The planting is part of a project EDN has with the California Redwood Forest Foundation, a nonprofit that owns and manages the 50,000-acre forest, with the aim of restoring redwoods in the Usal Forest. Redwoods dominated the forest for centuries but have been heavily depleted by 100 years of industrial forestry.

Redwoods can reach heights of more than 350 feet and can have a diameter of 24 feet. Coast redwoods live only in a 40-mile wide strip on the Northern California coast, and have a lifespan of ups to 2,000 years.

Besides restoring these giants to the forest ecosystem, EDN and the Redwood Forest Foundation say the project will help the region address climate change. Although all trees pull carbon dioxide from the air and release oxygen, coast redwoods are the climate change champions, sequestering more carbon per acre than any forest in the world, including the Amazon rainforest.

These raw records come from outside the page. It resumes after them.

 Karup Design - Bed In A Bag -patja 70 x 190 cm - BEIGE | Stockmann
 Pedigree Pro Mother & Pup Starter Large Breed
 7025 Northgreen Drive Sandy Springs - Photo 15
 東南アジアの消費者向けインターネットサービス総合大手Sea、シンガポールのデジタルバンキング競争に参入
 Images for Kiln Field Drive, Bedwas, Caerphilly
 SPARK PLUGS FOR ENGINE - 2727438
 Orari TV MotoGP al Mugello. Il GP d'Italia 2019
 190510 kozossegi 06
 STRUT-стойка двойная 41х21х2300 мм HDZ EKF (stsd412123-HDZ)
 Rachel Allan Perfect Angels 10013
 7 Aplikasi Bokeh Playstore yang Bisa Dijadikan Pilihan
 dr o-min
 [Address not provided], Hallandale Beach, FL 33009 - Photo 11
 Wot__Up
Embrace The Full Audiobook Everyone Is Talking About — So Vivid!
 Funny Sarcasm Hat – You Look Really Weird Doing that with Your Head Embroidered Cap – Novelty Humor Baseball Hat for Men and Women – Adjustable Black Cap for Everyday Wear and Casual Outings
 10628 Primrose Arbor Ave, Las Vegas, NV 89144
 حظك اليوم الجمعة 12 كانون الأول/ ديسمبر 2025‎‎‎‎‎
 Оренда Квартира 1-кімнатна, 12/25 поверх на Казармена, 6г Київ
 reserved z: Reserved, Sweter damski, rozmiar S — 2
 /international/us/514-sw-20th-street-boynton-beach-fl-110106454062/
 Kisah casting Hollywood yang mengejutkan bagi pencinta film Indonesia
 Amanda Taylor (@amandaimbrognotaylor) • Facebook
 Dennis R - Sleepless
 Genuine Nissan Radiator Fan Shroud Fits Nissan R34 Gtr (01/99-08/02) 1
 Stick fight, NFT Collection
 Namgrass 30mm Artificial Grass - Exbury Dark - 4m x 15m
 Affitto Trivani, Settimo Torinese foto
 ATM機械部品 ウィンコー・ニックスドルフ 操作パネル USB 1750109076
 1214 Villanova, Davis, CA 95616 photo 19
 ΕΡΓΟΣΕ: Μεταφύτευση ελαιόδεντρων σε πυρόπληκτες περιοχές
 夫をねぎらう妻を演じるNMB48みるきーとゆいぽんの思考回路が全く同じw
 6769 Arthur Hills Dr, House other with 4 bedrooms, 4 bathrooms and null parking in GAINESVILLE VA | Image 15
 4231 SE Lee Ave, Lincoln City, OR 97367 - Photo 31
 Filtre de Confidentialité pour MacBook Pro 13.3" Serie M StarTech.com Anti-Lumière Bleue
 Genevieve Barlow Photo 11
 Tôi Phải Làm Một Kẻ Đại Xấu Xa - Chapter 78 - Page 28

The redwoods for this project are being planted in protected stream corridors as part of a coho salmon recovery plan approved by the California Department of Fish and Wildlife . Planting in these stream zones helps ensure the trees will grow to maturity without threat of future harvest.

Redwood Forest Foundation president and CEO Mark Welther, who worked as a UPS delivery driver in Eugene, Oregon, for nine years, said the beneficiaries will be the people of California who depend on this forest for clean air and water, carbon sequestration and healthy habitat and species.